PUBLIC CONCERN is growing over the plans to develop the former gas works site on Bow Common Lane. These are due to be considered by the Tower Hamlets Council’s Strategic Development Committee (SDC) this week.

The planning application was considered by the SDC on 2nd December, with the Committee being asked to give outline approval to the scheme as a whole and detailed planning permission for its first phase. At that meeting, councillors asked the developer and Council officers to review the provision of family housing in the scheme.  The officers’ report tabled for the SDC on Tuesday, 19th January have introduced some additional planning conditions: it seems the mix will be addressed as future phases of the development come back to the Committee.

There SDC meeting on 2nd December also dealt with objections to the planning application which came from Tower Hamlets Cemetery Park, which is next door to the building site. The meeting was curiously respectful in the way in which it expressed its concerns.  Its request was that “further consultation is carried out with the Cemetery Park to address outstanding concerns particularly in relation to light pollution.”
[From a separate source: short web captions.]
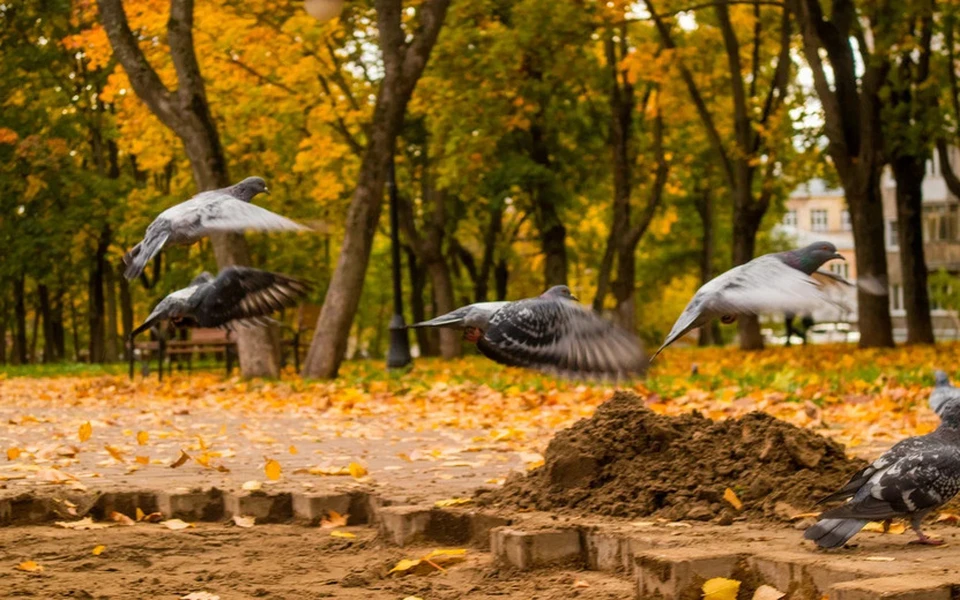 Еще один отличный день! Фото: Данил Иванов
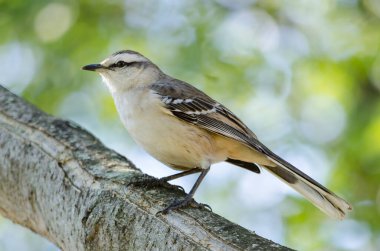 Calandria ağaçtan izliyor.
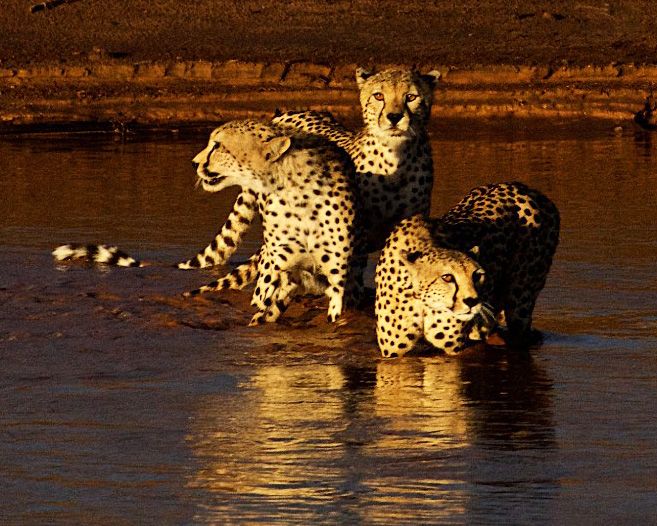 Three cheetahs getting ready to cross the river at sunrise. Cheetahs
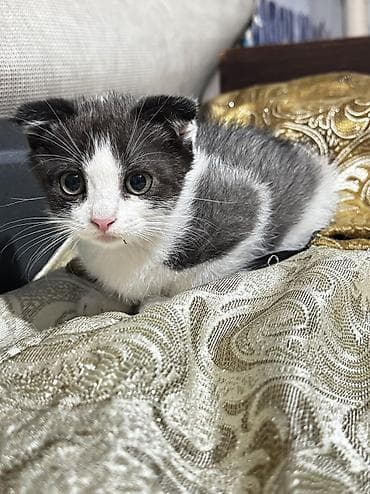 котенок скотиш фолд: Шотландские вислоухие котята (Scottish Fold) - Окрас: один бело-серый — 3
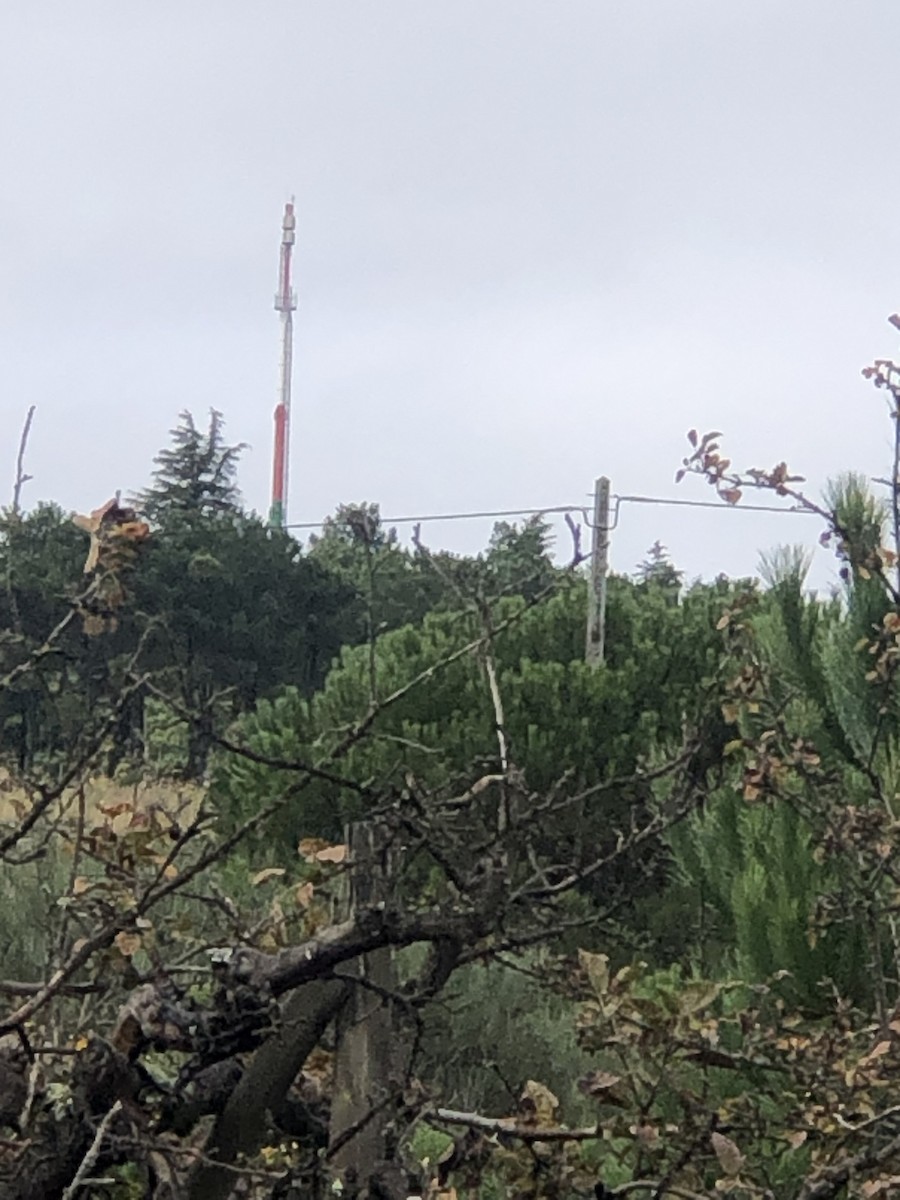 Iberian Magpie - ML644462452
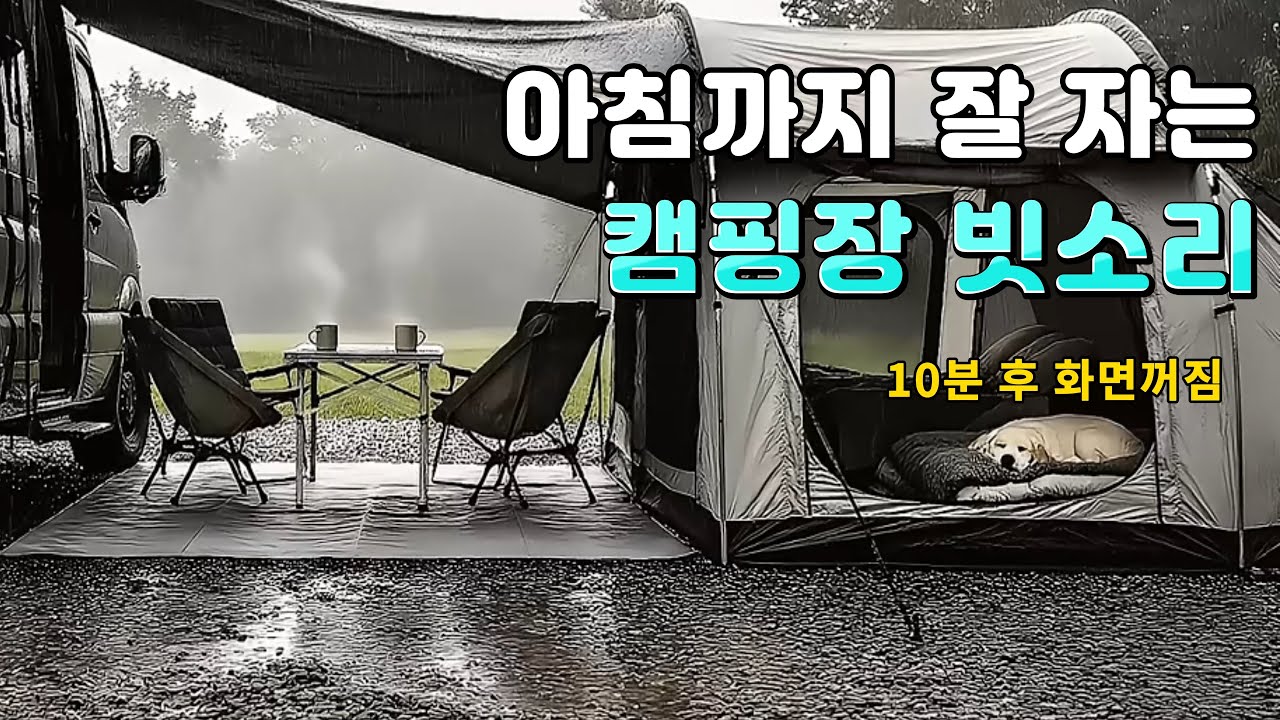 아침까지 잠들기 좋은 캠핑장 빗소리, 불면증 완화와 스트레스 해소 ASMR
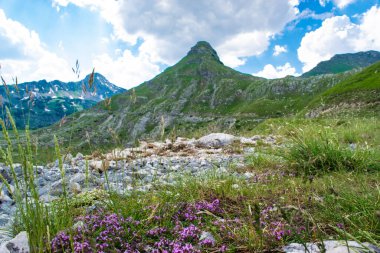 Kekik çiçekleri ve yeşil çimenler, UNESCO Dünya Mirası alanı olan Durmitor ulusal parkının dağ zirvelerinin arka planına yakın planda. Güzel bir yaz bulutlu manzarası. Karadağ.
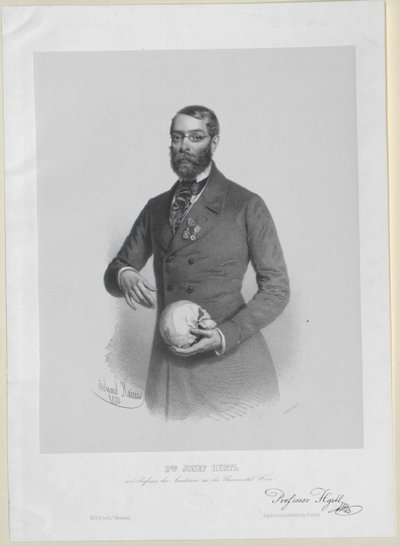 Joseph Hyrtl by Artist Unknown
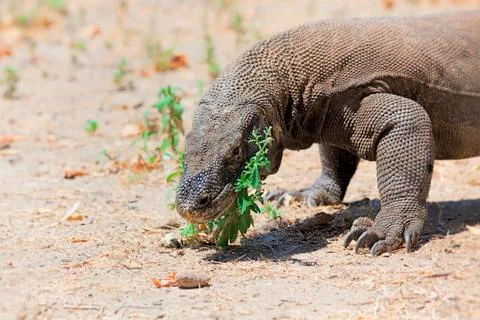 Komodo Dragon Stock Photos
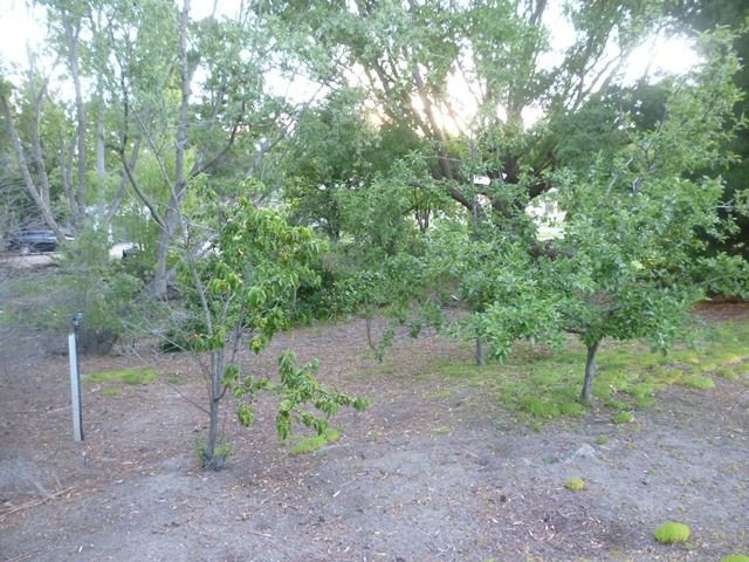 24 The Half Mile Alexandra_25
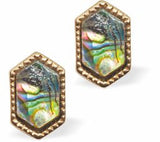 Paua Shell Long Octagon Stud Earrings, Golden Framed Greeny Blue in Colour 10mm in size,  Rhodium Plated Hypoallergenic: Nickel, Lead and Cadmium Free Delivered in a soft, black, velveteen pouch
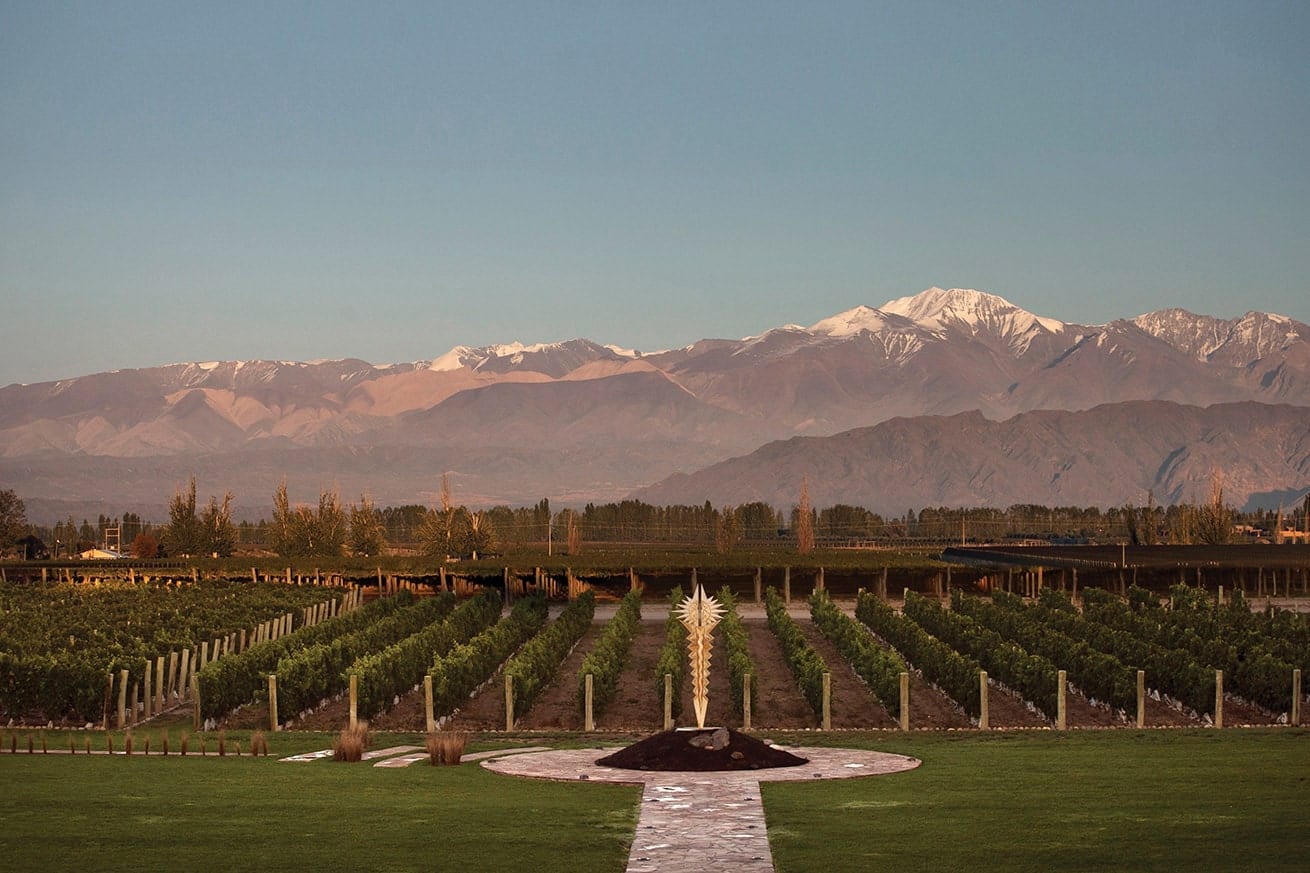 Norton vineyards, Argentina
If councillors were concerned to protect the Park, why didn’t they ask the developer to change the application to accommodate the concerns?  Asking for “further consultation” is easily done and is not necessarily effective.  We understand that further consultation has indeed been carried out, but those who run the Park are still worried about the effect the development will have on its plant and wildlife.

However, the blockbuster news is hidden away in paragraph 2.7 of the report from the Corporate Director of Place to the next Committee meeting. “Members should also note,” he says, “that the proposed development […] will take approximately 12 years to be delivered in full”. The Director mentions this in passing, as a reason why the Committee’s decisions should not be too detailed: the work will take such a long time, planning law may change before the later stages are ready to be approved.

In other words, people living in the densely populated residential area around this develop will have to endure up to twelve years of trucks coming in and out of the area, bringing extra air pollution; twelve years of building noise; twelve years of the dust that comes with it.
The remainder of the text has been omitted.